WHAT IS REQUIRED: Lines from the line with "11627 SE Florida Ave — Photo 10" to the line with "Welcome to 2865 Village Grove Dr S" in the entries below, and only those, must be output exactly, with both ends included.

START EXERCISE DATA

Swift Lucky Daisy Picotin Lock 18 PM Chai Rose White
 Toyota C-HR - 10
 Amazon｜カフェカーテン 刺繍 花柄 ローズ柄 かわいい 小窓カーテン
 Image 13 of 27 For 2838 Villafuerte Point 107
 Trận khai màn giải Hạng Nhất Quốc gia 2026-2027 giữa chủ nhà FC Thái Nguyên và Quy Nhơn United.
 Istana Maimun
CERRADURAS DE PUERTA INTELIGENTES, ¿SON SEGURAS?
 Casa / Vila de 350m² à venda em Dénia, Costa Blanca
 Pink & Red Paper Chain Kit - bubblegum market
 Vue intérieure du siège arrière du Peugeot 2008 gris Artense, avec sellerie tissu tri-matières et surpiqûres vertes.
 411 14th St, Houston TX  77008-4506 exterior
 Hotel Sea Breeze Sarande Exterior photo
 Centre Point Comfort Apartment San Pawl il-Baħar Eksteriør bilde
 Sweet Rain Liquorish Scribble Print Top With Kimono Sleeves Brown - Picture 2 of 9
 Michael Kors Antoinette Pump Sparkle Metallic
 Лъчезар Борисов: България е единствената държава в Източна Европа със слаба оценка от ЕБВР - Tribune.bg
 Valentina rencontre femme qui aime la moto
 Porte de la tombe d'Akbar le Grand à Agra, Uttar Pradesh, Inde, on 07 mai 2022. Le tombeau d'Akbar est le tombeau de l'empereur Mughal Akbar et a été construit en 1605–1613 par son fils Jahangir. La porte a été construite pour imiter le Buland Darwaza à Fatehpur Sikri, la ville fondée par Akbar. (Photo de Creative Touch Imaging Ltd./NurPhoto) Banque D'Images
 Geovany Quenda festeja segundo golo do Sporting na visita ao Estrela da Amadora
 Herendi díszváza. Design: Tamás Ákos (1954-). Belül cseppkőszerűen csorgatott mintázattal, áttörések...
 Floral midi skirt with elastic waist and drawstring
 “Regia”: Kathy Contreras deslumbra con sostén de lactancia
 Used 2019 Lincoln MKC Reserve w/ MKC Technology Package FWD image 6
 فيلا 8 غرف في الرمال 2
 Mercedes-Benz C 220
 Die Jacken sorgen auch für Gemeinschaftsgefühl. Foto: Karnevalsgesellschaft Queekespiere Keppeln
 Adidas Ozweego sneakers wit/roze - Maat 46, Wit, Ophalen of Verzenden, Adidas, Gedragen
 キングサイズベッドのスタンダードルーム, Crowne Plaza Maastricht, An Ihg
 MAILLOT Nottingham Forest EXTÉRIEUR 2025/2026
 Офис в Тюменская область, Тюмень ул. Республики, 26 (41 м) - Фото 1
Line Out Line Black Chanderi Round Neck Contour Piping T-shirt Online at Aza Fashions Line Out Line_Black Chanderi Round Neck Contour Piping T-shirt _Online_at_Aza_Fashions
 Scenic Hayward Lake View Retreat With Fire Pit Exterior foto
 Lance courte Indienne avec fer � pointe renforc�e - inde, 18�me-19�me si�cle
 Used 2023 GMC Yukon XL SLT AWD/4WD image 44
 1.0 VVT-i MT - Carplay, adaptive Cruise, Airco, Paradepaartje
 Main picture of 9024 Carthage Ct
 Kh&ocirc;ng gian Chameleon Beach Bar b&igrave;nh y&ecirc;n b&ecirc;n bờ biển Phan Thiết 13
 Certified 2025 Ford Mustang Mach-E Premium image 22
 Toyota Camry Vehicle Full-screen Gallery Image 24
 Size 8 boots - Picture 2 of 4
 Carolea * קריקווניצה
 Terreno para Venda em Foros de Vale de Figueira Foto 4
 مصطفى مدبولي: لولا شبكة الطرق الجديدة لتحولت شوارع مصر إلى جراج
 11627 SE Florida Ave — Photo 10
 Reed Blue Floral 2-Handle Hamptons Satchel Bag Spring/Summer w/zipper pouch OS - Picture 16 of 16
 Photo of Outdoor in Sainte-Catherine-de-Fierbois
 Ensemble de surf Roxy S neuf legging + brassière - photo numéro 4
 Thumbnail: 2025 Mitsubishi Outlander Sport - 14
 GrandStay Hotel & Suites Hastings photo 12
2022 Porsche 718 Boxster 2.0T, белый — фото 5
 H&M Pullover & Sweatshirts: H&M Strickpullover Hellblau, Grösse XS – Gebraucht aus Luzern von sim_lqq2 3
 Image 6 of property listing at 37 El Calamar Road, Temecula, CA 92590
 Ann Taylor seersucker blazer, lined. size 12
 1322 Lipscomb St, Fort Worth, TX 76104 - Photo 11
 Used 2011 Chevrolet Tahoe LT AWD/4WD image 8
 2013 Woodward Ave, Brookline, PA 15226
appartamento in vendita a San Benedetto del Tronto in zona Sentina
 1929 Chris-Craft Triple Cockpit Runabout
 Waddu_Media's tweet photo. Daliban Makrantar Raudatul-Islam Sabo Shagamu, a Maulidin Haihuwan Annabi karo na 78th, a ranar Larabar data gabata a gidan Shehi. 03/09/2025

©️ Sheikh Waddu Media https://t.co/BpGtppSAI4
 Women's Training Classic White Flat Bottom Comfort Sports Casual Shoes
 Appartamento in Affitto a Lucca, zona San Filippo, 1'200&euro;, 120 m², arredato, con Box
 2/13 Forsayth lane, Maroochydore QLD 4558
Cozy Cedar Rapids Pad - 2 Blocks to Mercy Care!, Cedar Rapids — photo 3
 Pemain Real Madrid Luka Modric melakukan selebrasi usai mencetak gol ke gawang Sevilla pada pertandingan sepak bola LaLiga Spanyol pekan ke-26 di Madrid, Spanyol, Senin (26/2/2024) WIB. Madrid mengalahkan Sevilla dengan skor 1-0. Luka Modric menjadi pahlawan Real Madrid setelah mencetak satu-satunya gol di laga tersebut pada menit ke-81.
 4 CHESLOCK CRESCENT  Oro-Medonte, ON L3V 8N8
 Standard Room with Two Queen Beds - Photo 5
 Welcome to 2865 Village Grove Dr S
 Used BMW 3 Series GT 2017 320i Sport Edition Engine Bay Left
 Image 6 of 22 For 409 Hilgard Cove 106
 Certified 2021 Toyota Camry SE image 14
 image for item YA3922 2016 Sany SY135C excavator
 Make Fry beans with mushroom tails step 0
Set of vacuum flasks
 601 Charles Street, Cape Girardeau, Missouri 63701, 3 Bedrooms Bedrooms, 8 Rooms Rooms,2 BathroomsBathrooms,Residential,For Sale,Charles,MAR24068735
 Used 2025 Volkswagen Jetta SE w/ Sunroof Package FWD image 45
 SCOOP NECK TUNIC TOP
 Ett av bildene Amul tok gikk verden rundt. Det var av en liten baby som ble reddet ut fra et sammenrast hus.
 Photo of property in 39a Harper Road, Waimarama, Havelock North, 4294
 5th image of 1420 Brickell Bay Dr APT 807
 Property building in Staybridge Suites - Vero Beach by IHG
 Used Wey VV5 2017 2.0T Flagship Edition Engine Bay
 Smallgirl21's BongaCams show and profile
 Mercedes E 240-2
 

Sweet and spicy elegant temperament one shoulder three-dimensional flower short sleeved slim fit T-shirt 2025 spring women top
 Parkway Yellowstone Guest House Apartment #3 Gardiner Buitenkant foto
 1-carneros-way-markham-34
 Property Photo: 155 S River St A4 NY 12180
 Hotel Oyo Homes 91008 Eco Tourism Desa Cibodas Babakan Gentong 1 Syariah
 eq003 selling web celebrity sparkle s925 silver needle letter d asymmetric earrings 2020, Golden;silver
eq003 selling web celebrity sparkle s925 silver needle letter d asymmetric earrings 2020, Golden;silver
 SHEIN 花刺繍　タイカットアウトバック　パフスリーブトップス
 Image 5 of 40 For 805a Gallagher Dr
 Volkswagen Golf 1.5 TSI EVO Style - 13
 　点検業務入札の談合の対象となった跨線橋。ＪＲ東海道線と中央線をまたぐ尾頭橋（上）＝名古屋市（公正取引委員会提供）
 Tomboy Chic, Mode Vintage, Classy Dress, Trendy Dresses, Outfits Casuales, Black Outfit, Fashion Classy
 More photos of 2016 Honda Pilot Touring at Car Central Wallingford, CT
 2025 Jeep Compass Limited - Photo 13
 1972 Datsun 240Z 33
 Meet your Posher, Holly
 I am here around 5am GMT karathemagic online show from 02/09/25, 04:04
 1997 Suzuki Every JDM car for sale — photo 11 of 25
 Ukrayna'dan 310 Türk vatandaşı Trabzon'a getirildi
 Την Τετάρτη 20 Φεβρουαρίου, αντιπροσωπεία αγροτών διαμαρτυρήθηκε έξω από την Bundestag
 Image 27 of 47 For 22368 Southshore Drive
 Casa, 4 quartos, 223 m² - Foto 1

END EXERCISE DATA

ANSWER SECTION:
 11627 SE Florida Ave — Photo 10
 Reed Blue Floral 2-Handle Hamptons Satchel Bag Spring/Summer w/zipper pouch OS - Picture 16 of 16
 Photo of Outdoor in Sainte-Catherine-de-Fierbois
 Ensemble de surf Roxy S neuf legging + brassière - photo numéro 4
 Thumbnail: 2025 Mitsubishi Outlander Sport - 14
 GrandStay Hotel & Suites Hastings photo 12
2022 Porsche 718 Boxster 2.0T, белый — фото 5
 H&M Pullover & Sweatshirts: H&M Strickpullover Hellblau, Grösse XS – Gebraucht aus Luzern von sim_lqq2 3
 Image 6 of property listing at 37 El Calamar Road, Temecula, CA 92590
 Ann Taylor seersucker blazer, lined. size 12
 1322 Lipscomb St, Fort Worth, TX 76104 - Photo 11
 Used 2011 Chevrolet Tahoe LT AWD/4WD image 8
 2013 Woodward Ave, Brookline, PA 15226
appartamento in vendita a San Benedetto del Tronto in zona Sentina
 1929 Chris-Craft Triple Cockpit Runabout
 Waddu_Media's tweet photo. Daliban Makrantar Raudatul-Islam Sabo Shagamu, a Maulidin Haihuwan Annabi karo na 78th, a ranar Larabar data gabata a gidan Shehi. 03/09/2025

©️ Sheikh Waddu Media https://t.co/BpGtppSAI4
 Women's Training Classic White Flat Bottom Comfort Sports Casual Shoes
 Appartamento in Affitto a Lucca, zona San Filippo, 1'200&euro;, 120 m², arredato, con Box
 2/13 Forsayth lane, Maroochydore QLD 4558
Cozy Cedar Rapids Pad - 2 Blocks to Mercy Care!, Cedar Rapids — photo 3
 Pemain Real Madrid Luka Modric melakukan selebrasi usai mencetak gol ke gawang Sevilla pada pertandingan sepak bola LaLiga Spanyol pekan ke-26 di Madrid, Spanyol, Senin (26/2/2024) WIB. Madrid mengalahkan Sevilla dengan skor 1-0. Luka Modric menjadi pahlawan Real Madrid setelah mencetak satu-satunya gol di laga tersebut pada menit ke-81.
 4 CHESLOCK CRESCENT  Oro-Medonte, ON L3V 8N8
 Standard Room with Two Queen Beds - Photo 5
 Welcome to 2865 Village Grove Dr S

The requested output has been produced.